ミティがアイテムバッグから石を取り出す。

俺は火魔法の詠唱を開始する。

アイリスは聖闘気を纏う。


「でやぁ!」


 ミティがまずは投擲で先制する。


「ボルカニックフレイム!」


 さらに俺の火魔法で追撃だ。


『ぬうっ』


 ミティの投石と俺の火魔法に、バルダインとナスタシアが怯んでいる。

一気に畳み掛けるぞ。

ミティにアイコンタクトで合図をする。

ミティがうなずく。


「「エアバースト!」」


 俺とミティの風魔法だ。

同時に発動したので、威力が高くなっている。

突風が吹き荒れる。


『くっ』


 空を飛ぼうとしていたナスタシアが体勢を崩した。

チャンスだ。


「炎あれ。わが求むるは豪火球。十本桜!」


 十個の火球がナスタシアを襲う。

コツコツと練習して、三本桜から数を増やしておいた技だ。


『調子に乗るな! エアバースト!』


 ナスタシアがエアバーストで火球をかき消した。

全ては消しきれていない。

多少のダメージは与えられた。


「迅・裂空脚!」


『ちっ。ちょこざいな!』


 アイリスの回し蹴りがナスタシアにヒットする。

ギリギリガードされたのでダメージは少ないが、ナスタシアにスキが生じる。

いいぞ。

押している。


「はあっ」


 ミティがそのスキを突き、ナスタシアに組みかかる。


『くっ。生意気な小娘め!』


 ミティがうまくマウントポジションを取った。

これはもらった。

ミティの怪力からは容易には抜け出せない。


『ナスタシア!』


 バルダインがナスタシアの元へ向かおうとする。

そうはさせない。


「おっと。お前の相手は俺だ」


 剣を構えてバルダインの前に立ちふさがる。


「カ・イ・リ・キ! メリケン!」


 ミティのパンチがナスタシアの頭部に直撃する。

これは死んだんじゃないか?

話をするどころではない。

手加減などする余裕がないので、仕方がないとはいえ。


 ……ん?

いや、ナスタシアは上手くガードしたようだ。

マウント状態からのミティの一撃を防ぐとは。


『小娘にしてはなかなかやるわね。

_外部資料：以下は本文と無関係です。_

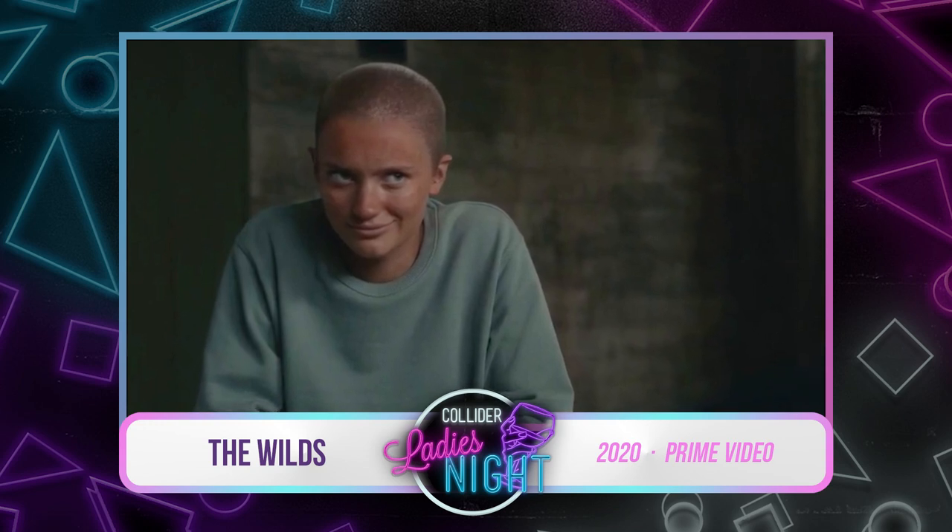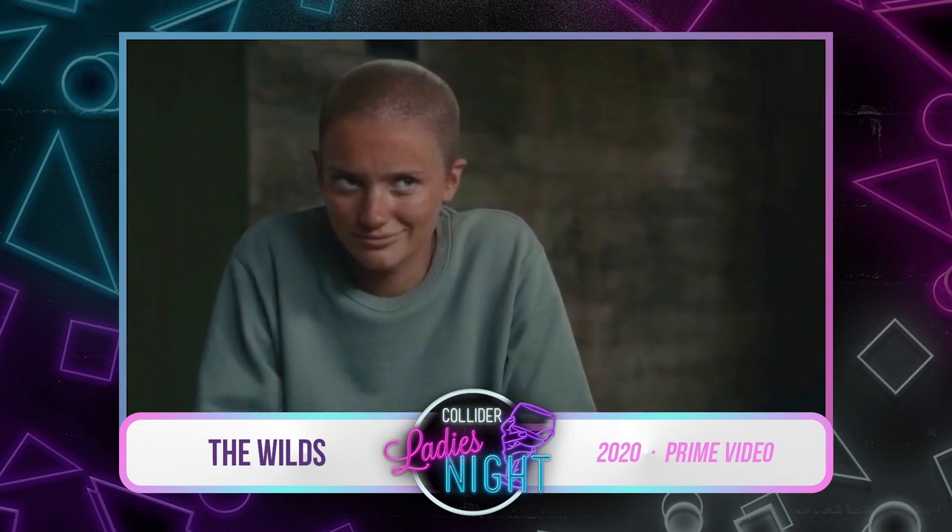The bald cap was one of the coolest things I've ever done. I was walking around thinking I'm going to shave my head. If they wanted me to shave my head for season two for the whole time, I would do it. It was so cool — a long time in hair and makeup.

でも私の力を相手にするには少し足りないわ』


「ぐ、ぐぬぬっ!」


 ミティのパンチは受け止められ、逆に押し返されている。

ミティが力負けしているだと!?

やばいぞ。


「迅・砲撃連拳!」


 アイリスがナスタシアに攻撃を仕掛ける。

ナスタシアが怯み、力が緩む。

そのスキに、ミティは離脱できたようだ。


『余所見をするとは余裕だな、小僧』


「む!」


 バルダインの攻撃を剣で受け止める。

俺はバルダインの相手をしなければならない。


 チートの恩恵を多大に受けている俺たち3人でも、ほとんど余裕がない。

ここが踏ん張りところだ。

集中しよう。



●●●



 一方その頃。

暗躍する1つの影があった。


「(うふふ。全ては計画通り……)」


 センと名乗っている女だ。

女は、満足気に微笑む。


「(大地の裂け目、スプール湖、カリオス遺跡。魔素で十分に満たされつつあります)」


 大地の裂け目では、低級の魔物を人族へけしかけた。

スプール湖には、先代の六武衆を追いやった。

カリオス遺跡では、人族の侵入者と今代の六武衆が戦闘中である。


「(さて、カリオス遺跡に向かいましょうか。最後の仕上げが待っています。うふふ……」


 女は闇に溶け込み、姿を消した。

彼女が何を企んでいるのか。

それを、タカシたちはまだ知らない。